En segundo lugar, se introduce la modulación de afinidad como un medio para reducir específicamente la cantidad de proteínas que interactúan con una proteína diana dada en una muestra frente a otra. Las ventajas de este enfoque son que evita la construcción de mutantes desmontables, lo que para algunos sistemas modelo son difíciles de generar o no puede ser generado en absoluto en el caso de proteínas diana esenciales. Además, evita interpretaciones erróneas causadas por la expresión diferencial de proteínas potencialmente presentes como una respuesta de la célula a golpear hacia abajo una proteína diana: si otras proteínas son las reguladas así y reaccionar de forma cruzada con el antisuero usado para la inmunoprecipitación, que sería interpretado como verdaderos compañeros de interacción de la proteína diana.

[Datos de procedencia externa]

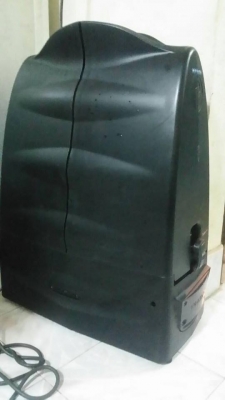 PHONIC RoadGear 160 ชุดเครื่องเสียงแบบกระเป๋าหิ้ว มือ 1 เกือบ 3 หมื่น มาจัดตัวนี้ไป เซฟไปเยอะครับ PHONIC RoadGear 160 ชุดเครื่องเสียงแบบกระเป๋าหิ้ว มือ 1 เกือบ 3 หมื่น มาจัดตัวนี้ไป เซฟไปเยอะครับ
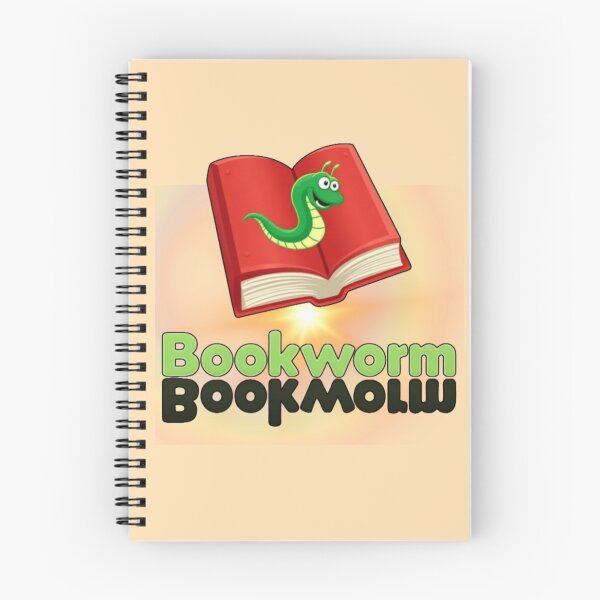 Item preview, Bookworm Magic - Vibrant Reading Glow Design designed and sold by PriyaMagic.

Por último, la afinidad de modulación elimina la necesidad de encontrar un adecuado anticuerpo-antígeno a-ratio.

A pesar de que aplicar el protocolo de Chlamydomonas reinhardtii como organismo modelo, Que puede ser fácilmente adaptado a cualquier otro organismo que se puede cultivar en cultivo celular y es capaz de utilizar de amonio o nitrato como fuente de nitrógeno. Modulación afinidad de los complejos de proteínas por ATP / ADP directamente se puede aplicar a otras chaperonas cuya interacción con los sustratos y proteínas de cohortes depende del estado de ATP, como los GroEL/HSP60/Cpn60 o sistemas chaperona HSP90 ^14,15, o donde a cualquier otro sistema afinidades de unión son modulados por el ATP. Affinity modulación debería funcionar también para los casos en que las afinidades entre las interacciones proteína son alteradas por las drogas específicas, como radicicol o geldanamicina en el caso de los sistemas de HSP90 ^15.

Una limitación clara de nuestro protocolo es que requiere purificado por afinidad anticuerpos contra una proteína diana conocida por ser sensible a un tratamiento específico / medicamento que modula su afinidad por las proteínas asociadas. Por lo tanto, no es de procedimiento de alto rendimiento.

No hay conflictos de interés declarado.

Damos las gracias a Olivier Vallon para el antisuero contra CF1β. Este trabajo fue apoyado por la Sociedad Max Planck y becas de la Deutsche Forschungsgemeinschaft (Schr 617/5-1) y el Bundesministerium für Bildung und Forschung (Sistemas de Biología FORSYS Iniciativa, GoFORSYS del proyecto).